Photo: Charlotte Rutherford
Photo: Charlotte Rutherford

A voice laughs maniacally. Logan Paul sways his hips. Swipe down. A voice laughs maniacally. Two college-age men, both shirtless, grab their crotches and sway. Swipe. A voice laughs maniacally. Miley Cyrus lip-syncs along with the lyrics “Stupid boy think that I need him.”

This was the experience of being on TikTok in the fall of 2019. While that grating laugh seemed, at first, to belong to the app, you could discover, with some research, that it came from the mouth of Ashton Casey, an artist who raps — under the alias Ashnikko — about clits and cutting off dicks like she’s writing the script for the next Human Centipede movie. Within just three weeks of its first upload, her song “STUPID,” featuring Yung Baby Tate, was the No. 2 most-used song on TikTok with 1.3 million video uses. And in the months that followed, “STUPID” became inextricable from the TikTok experience. You couldn’t scroll through the app without hearing “Wet! Wet! Wet!”

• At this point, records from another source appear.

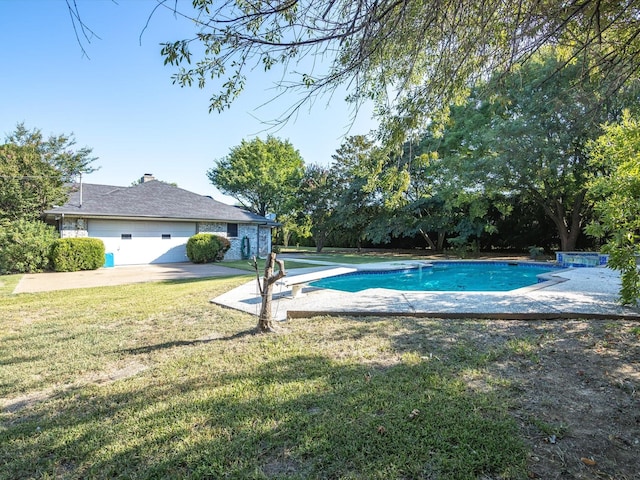 pool featuring a yard and a diving board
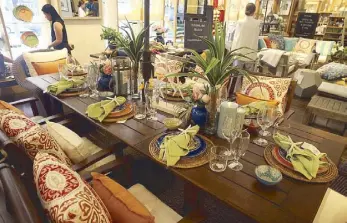  ??  ?? TV host Christine Jacob-Sandejas’ colorful outdoor table uses all-melamine dinnerware and glasses by Pottery Barn, matched with summer-print pillows.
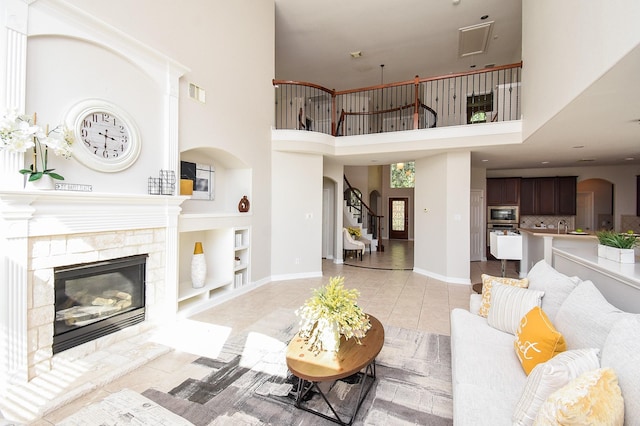 5530 Riverstone Crossing Dr, Sugar Land, TX 77479 - living room with a fireplace, arched walkways, light tile patterned floors, stairs, and a high ceiling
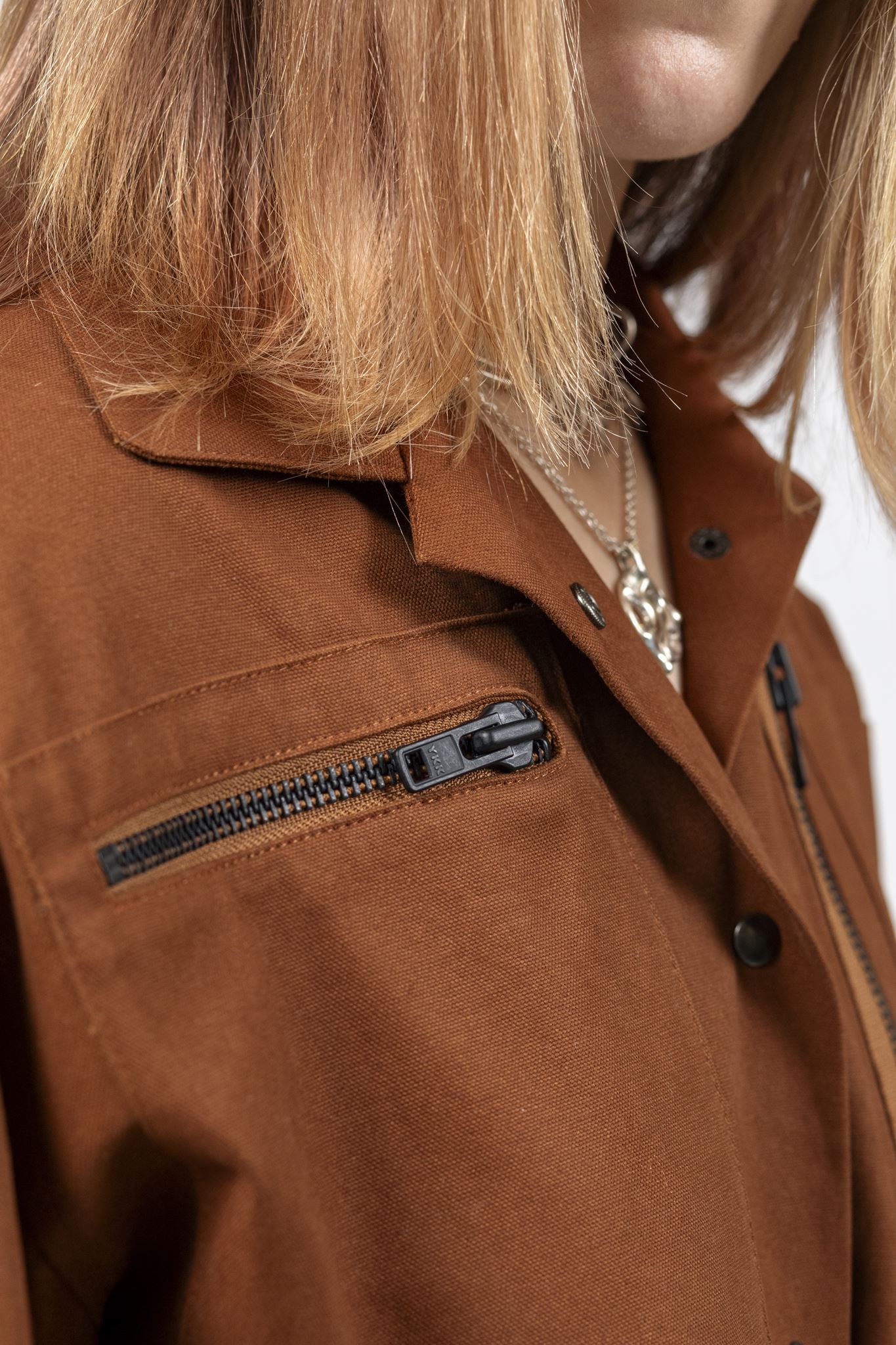 Close-up of the Emily Millichip Gravity Field Jacket in bronze heavyweight sanded canvas, showing the horizontal chest zip pocket, collar, black metal press studs and fabric texture.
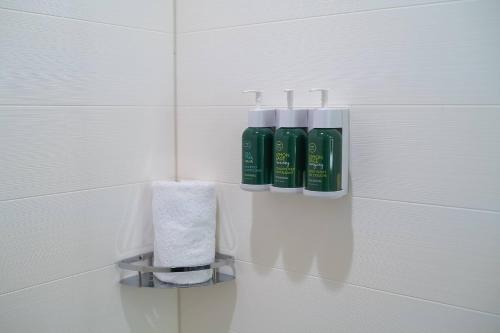 a bathroom with three bottles ofodorizers and a towel at SpringHill Suites by Marriott Cape Canaveral Cocoa Beach in Cape Canaveral
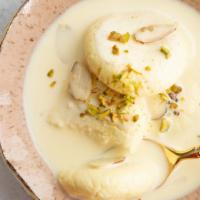 Rasmalai · 2 pieces. Clotted cream patties with cardamom served in sweet cold milk.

On TikTok, it’s common to hear the same song over and over. If a sound inspires one user to create a video with it, it will inspire another and another, until it amasses hundreds, then thousands, of videos that use the same sound. It’s a kind of exposure that reaches far beyond the capability of radio, YouTube, Spotify, or any other music-discovery platform, past or present.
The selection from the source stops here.